Work item:
Below are the entries. Print only the lines starting at the one with "Metro Crash Super" and ending at the one with "Obraz premium Delicate", exactly, with no pictures.

Source material:

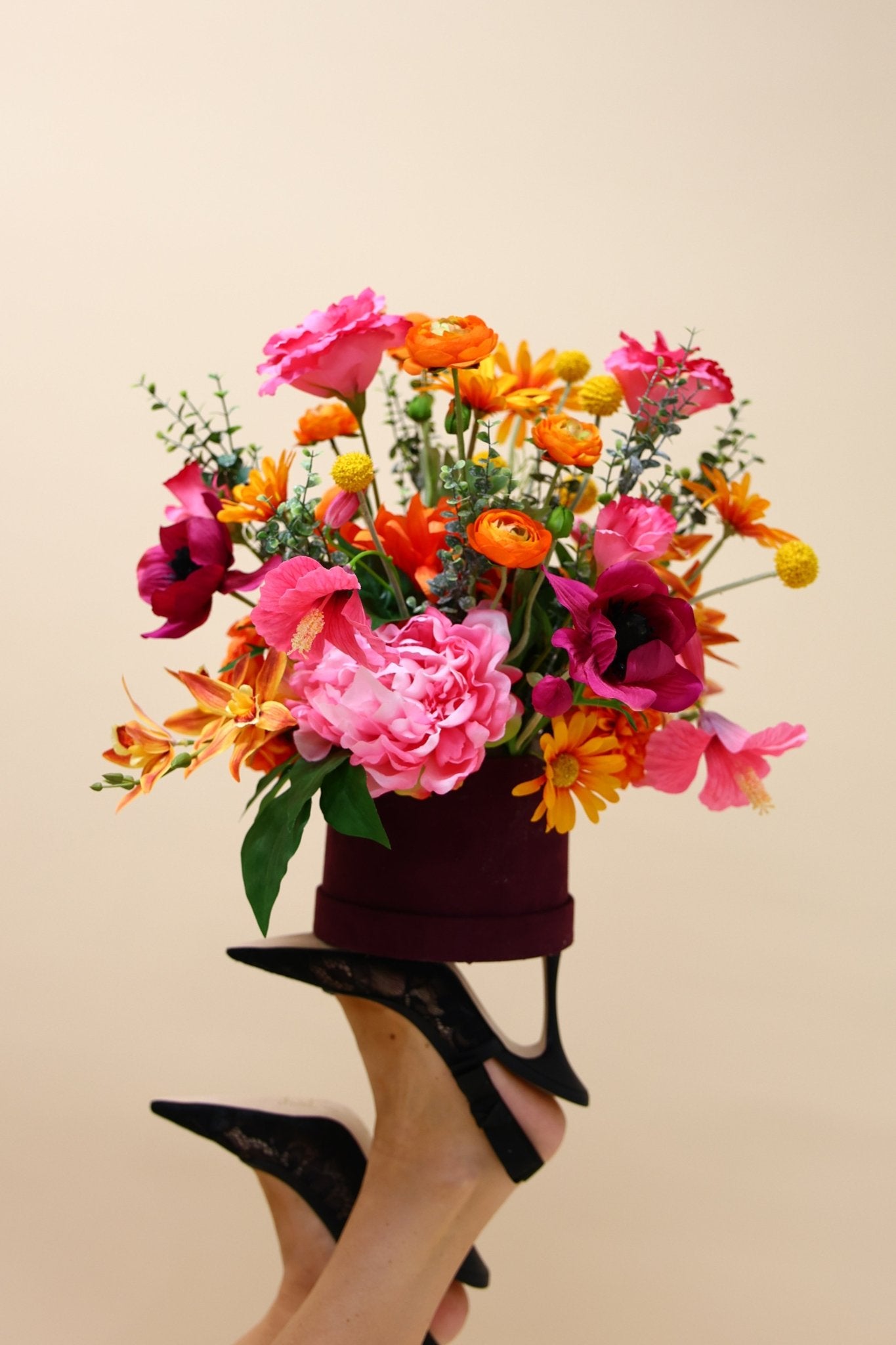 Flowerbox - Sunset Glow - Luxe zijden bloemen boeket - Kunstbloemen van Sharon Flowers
==
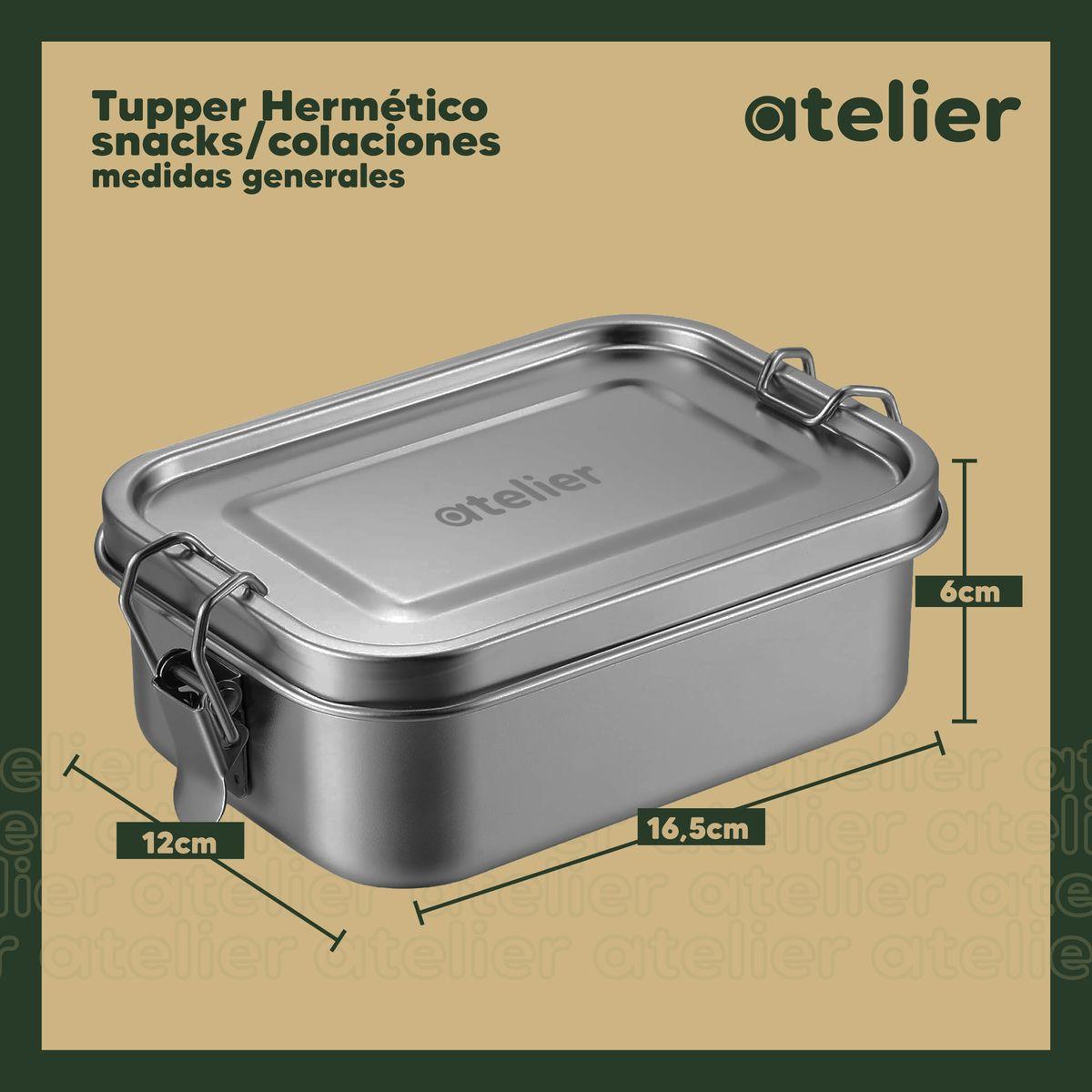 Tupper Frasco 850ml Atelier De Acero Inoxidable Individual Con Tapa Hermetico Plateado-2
==
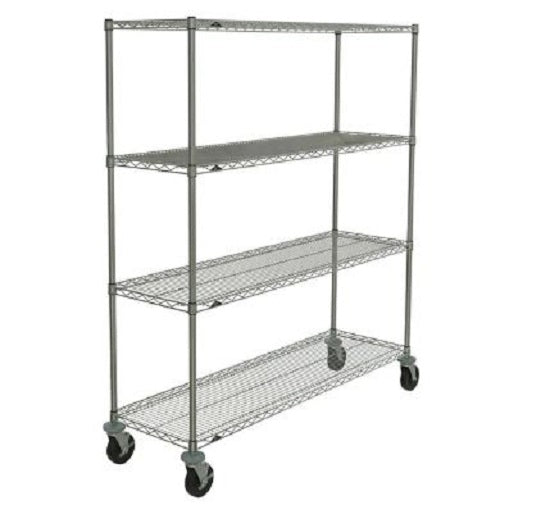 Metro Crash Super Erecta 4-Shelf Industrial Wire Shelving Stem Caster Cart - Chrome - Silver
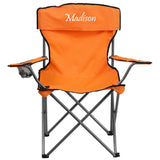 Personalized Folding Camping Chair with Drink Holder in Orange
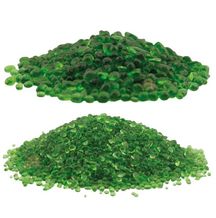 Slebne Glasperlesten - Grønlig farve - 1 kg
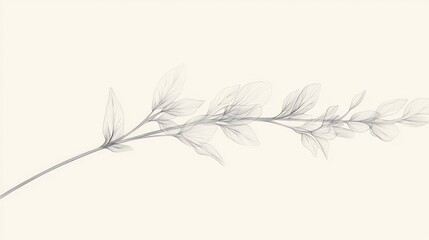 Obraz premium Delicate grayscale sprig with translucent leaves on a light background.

Exercise response:
 Metro Crash Super Erecta 4-Shelf Industrial Wire Shelving Stem Caster Cart - Chrome - Silver
 Personalized Folding Camping Chair with Drink Holder in Orange
 Slebne Glasperlesten - Grønlig farve - 1 kg
 Obraz premium Delicate grayscale sprig with translucent leaves on a light background.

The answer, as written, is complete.